Exercise: Set down the entries once more exactly as they were written.

Provided records:
=====
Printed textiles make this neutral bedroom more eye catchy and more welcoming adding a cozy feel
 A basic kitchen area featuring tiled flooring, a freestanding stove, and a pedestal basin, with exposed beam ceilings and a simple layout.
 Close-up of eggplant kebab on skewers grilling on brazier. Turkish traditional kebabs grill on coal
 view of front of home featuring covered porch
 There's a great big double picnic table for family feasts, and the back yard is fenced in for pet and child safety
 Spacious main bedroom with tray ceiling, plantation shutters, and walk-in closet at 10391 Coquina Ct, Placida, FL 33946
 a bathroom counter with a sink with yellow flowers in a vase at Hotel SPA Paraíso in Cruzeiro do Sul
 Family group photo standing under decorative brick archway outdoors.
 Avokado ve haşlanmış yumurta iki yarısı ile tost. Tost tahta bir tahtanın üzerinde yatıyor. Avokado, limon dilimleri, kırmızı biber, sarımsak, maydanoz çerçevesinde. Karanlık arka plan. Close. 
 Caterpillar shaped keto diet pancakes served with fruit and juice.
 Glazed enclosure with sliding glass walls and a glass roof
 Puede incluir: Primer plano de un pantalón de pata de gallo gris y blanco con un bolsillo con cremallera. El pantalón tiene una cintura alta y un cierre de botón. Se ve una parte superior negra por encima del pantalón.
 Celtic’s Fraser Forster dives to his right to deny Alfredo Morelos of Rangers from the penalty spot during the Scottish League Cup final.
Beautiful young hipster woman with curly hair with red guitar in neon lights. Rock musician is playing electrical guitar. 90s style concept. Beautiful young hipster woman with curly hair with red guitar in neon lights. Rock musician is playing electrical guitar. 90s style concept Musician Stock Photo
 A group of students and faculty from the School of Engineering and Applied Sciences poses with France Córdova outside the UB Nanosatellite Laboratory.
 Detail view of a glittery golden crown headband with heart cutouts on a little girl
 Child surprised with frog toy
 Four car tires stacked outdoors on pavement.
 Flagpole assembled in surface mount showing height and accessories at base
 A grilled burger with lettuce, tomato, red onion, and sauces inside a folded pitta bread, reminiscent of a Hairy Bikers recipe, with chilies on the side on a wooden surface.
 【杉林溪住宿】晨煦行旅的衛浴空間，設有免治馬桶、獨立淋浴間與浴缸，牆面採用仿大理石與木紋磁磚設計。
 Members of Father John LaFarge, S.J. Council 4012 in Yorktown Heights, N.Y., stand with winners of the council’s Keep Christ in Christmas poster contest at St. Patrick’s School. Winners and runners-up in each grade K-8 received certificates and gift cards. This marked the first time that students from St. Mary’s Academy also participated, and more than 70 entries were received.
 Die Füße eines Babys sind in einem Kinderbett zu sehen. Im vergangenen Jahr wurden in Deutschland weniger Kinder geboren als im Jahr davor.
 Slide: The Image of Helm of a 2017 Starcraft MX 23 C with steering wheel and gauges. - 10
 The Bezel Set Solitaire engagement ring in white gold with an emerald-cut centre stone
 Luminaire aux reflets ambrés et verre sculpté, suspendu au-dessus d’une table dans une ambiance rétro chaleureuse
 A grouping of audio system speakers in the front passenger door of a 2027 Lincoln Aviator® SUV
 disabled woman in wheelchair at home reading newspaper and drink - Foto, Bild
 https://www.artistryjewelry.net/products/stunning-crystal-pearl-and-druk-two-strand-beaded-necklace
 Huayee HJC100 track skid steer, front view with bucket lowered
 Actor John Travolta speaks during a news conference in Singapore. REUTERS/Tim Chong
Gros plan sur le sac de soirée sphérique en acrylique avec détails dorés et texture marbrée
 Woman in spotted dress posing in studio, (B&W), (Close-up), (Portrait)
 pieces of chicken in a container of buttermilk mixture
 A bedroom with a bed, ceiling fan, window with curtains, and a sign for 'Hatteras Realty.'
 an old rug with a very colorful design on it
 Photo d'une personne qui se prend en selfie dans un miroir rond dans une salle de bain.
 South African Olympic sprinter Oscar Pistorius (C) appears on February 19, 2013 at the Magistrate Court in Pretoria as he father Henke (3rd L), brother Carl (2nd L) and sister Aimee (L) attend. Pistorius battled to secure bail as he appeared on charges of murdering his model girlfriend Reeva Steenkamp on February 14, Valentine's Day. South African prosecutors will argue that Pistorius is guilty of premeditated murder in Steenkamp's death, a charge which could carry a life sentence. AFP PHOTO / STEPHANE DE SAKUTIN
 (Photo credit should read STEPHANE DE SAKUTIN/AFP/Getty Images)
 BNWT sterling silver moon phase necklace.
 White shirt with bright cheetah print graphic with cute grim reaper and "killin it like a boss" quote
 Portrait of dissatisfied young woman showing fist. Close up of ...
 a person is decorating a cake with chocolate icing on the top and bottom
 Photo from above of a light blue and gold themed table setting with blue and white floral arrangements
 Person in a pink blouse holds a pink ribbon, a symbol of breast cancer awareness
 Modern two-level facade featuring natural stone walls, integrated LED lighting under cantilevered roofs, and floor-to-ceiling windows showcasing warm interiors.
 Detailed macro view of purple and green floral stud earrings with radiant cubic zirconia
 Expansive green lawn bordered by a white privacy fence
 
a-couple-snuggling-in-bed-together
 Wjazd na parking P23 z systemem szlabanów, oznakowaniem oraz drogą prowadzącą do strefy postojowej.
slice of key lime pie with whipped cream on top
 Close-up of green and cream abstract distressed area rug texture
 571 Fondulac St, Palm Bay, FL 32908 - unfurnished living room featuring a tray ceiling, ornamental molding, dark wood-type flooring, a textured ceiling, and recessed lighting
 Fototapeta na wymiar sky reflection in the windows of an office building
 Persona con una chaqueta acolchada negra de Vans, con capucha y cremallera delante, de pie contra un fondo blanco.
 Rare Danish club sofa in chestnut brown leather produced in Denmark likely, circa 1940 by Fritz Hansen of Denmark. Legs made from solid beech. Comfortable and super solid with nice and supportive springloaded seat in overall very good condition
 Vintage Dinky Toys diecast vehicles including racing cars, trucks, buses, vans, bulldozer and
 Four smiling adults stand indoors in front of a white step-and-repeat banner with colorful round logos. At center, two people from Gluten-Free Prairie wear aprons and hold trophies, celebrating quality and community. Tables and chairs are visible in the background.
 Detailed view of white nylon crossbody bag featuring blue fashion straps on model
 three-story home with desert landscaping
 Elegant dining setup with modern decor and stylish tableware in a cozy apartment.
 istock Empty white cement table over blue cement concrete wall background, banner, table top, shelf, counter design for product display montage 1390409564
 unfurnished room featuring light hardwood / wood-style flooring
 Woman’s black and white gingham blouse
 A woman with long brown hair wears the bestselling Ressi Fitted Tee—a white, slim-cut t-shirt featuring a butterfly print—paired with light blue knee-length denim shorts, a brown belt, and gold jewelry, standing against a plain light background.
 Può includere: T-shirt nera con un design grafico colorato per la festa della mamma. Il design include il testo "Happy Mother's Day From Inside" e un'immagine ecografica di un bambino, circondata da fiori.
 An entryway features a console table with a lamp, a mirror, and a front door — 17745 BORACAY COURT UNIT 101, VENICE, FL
=====
Response to this task:
Printed textiles make this neutral bedroom more eye catchy and more welcoming adding a cozy feel
 A basic kitchen area featuring tiled flooring, a freestanding stove, and a pedestal basin, with exposed beam ceilings and a simple layout.
 Close-up of eggplant kebab on skewers grilling on brazier. Turkish traditional kebabs grill on coal
 view of front of home featuring covered porch
 There's a great big double picnic table for family feasts, and the back yard is fenced in for pet and child safety
 Spacious main bedroom with tray ceiling, plantation shutters, and walk-in closet at 10391 Coquina Ct, Placida, FL 33946
 a bathroom counter with a sink with yellow flowers in a vase at Hotel SPA Paraíso in Cruzeiro do Sul
 Family group photo standing under decorative brick archway outdoors.
 Avokado ve haşlanmış yumurta iki yarısı ile tost. Tost tahta bir tahtanın üzerinde yatıyor. Avokado, limon dilimleri, kırmızı biber, sarımsak, maydanoz çerçevesinde. Karanlık arka plan. Close. 
 Caterpillar shaped keto diet pancakes served with fruit and juice.
 Glazed enclosure with sliding glass walls and a glass roof
 Puede incluir: Primer plano de un pantalón de pata de gallo gris y blanco con un bolsillo con cremallera. El pantalón tiene una cintura alta y un cierre de botón. Se ve una parte superior negra por encima del pantalón.
 Celtic’s Fraser Forster dives to his right to deny Alfredo Morelos of Rangers from the penalty spot during the Scottish League Cup final.
Beautiful young hipster woman with curly hair with red guitar in neon lights. Rock musician is playing electrical guitar. 90s style concept. Beautiful young hipster woman with curly hair with red guitar in neon lights. Rock musician is playing electrical guitar. 90s style concept Musician Stock Photo
 A group of students and faculty from the School of Engineering and Applied Sciences poses with France Córdova outside the UB Nanosatellite Laboratory.
 Detail view of a glittery golden crown headband with heart cutouts on a little girl
 Child surprised with frog toy
 Four car tires stacked outdoors on pavement.
 Flagpole assembled in surface mount showing height and accessories at base
 A grilled burger with lettuce, tomato, red onion, and sauces inside a folded pitta bread, reminiscent of a Hairy Bikers recipe, with chilies on the side on a wooden surface.
 【杉林溪住宿】晨煦行旅的衛浴空間，設有免治馬桶、獨立淋浴間與浴缸，牆面採用仿大理石與木紋磁磚設計。
 Members of Father John LaFarge, S.J. Council 4012 in Yorktown Heights, N.Y., stand with winners of the council’s Keep Christ in Christmas poster contest at St. Patrick’s School. Winners and runners-up in each grade K-8 received certificates and gift cards. This marked the first time that students from St. Mary’s Academy also participated, and more than 70 entries were received.
 Die Füße eines Babys sind in einem Kinderbett zu sehen. Im vergangenen Jahr wurden in Deutschland weniger Kinder geboren als im Jahr davor.
 Slide: The Image of Helm of a 2017 Starcraft MX 23 C with steering wheel and gauges. - 10
 The Bezel Set Solitaire engagement ring in white gold with an emerald-cut centre stone
 Luminaire aux reflets ambrés et verre sculpté, suspendu au-dessus d’une table dans une ambiance rétro chaleureuse
 A grouping of audio system speakers in the front passenger door of a 2027 Lincoln Aviator® SUV
 disabled woman in wheelchair at home reading newspaper and drink - Foto, Bild
 https://www.artistryjewelry.net/products/stunning-crystal-pearl-and-druk-two-strand-beaded-necklace
 Huayee HJC100 track skid steer, front view with bucket lowered
 Actor John Travolta speaks during a news conference in Singapore. REUTERS/Tim Chong
Gros plan sur le sac de soirée sphérique en acrylique avec détails dorés et texture marbrée
 Woman in spotted dress posing in studio, (B&W), (Close-up), (Portrait)
 pieces of chicken in a container of buttermilk mixture
 A bedroom with a bed, ceiling fan, window with curtains, and a sign for 'Hatteras Realty.'
 an old rug with a very colorful design on it
 Photo d'une personne qui se prend en selfie dans un miroir rond dans une salle de bain.
 South African Olympic sprinter Oscar Pistorius (C) appears on February 19, 2013 at the Magistrate Court in Pretoria as he father Henke (3rd L), brother Carl (2nd L) and sister Aimee (L) attend. Pistorius battled to secure bail as he appeared on charges of murdering his model girlfriend Reeva Steenkamp on February 14, Valentine's Day. South African prosecutors will argue that Pistorius is guilty of premeditated murder in Steenkamp's death, a charge which could carry a life sentence. AFP PHOTO / STEPHANE DE SAKUTIN
 (Photo credit should read STEPHANE DE SAKUTIN/AFP/Getty Images)
 BNWT sterling silver moon phase necklace.
 White shirt with bright cheetah print graphic with cute grim reaper and "killin it like a boss" quote
 Portrait of dissatisfied young woman showing fist. Close up of ...
 a person is decorating a cake with chocolate icing on the top and bottom
 Photo from above of a light blue and gold themed table setting with blue and white floral arrangements
 Person in a pink blouse holds a pink ribbon, a symbol of breast cancer awareness
 Modern two-level facade featuring natural stone walls, integrated LED lighting under cantilevered roofs, and floor-to-ceiling windows showcasing warm interiors.
 Detailed macro view of purple and green floral stud earrings with radiant cubic zirconia
 Expansive green lawn bordered by a white privacy fence
 
a-couple-snuggling-in-bed-together
 Wjazd na parking P23 z systemem szlabanów, oznakowaniem oraz drogą prowadzącą do strefy postojowej.
slice of key lime pie with whipped cream on top
 Close-up of green and cream abstract distressed area rug texture
 571 Fondulac St, Palm Bay, FL 32908 - unfurnished living room featuring a tray ceiling, ornamental molding, dark wood-type flooring, a textured ceiling, and recessed lighting
 Fototapeta na wymiar sky reflection in the windows of an office building
 Persona con una chaqueta acolchada negra de Vans, con capucha y cremallera delante, de pie contra un fondo blanco.
 Rare Danish club sofa in chestnut brown leather produced in Denmark likely, circa 1940 by Fritz Hansen of Denmark. Legs made from solid beech. Comfortable and super solid with nice and supportive springloaded seat in overall very good condition
 Vintage Dinky Toys diecast vehicles including racing cars, trucks, buses, vans, bulldozer and
 Four smiling adults stand indoors in front of a white step-and-repeat banner with colorful round logos. At center, two people from Gluten-Free Prairie wear aprons and hold trophies, celebrating quality and community. Tables and chairs are visible in the background.
 Detailed view of white nylon crossbody bag featuring blue fashion straps on model
 three-story home with desert landscaping
 Elegant dining setup with modern decor and stylish tableware in a cozy apartment.
 istock Empty white cement table over blue cement concrete wall background, banner, table top, shelf, counter design for product display montage 1390409564
 unfurnished room featuring light hardwood / wood-style flooring
 Woman’s black and white gingham blouse
 A woman with long brown hair wears the bestselling Ressi Fitted Tee—a white, slim-cut t-shirt featuring a butterfly print—paired with light blue knee-length denim shorts, a brown belt, and gold jewelry, standing against a plain light background.
 Può includere: T-shirt nera con un design grafico colorato per la festa della mamma. Il design include il testo "Happy Mother's Day From Inside" e un'immagine ecografica di un bambino, circondata da fiori.
 An entryway features a console table with a lamp, a mirror, and a front door — 17745 BORACAY COURT UNIT 101, VENICE, FL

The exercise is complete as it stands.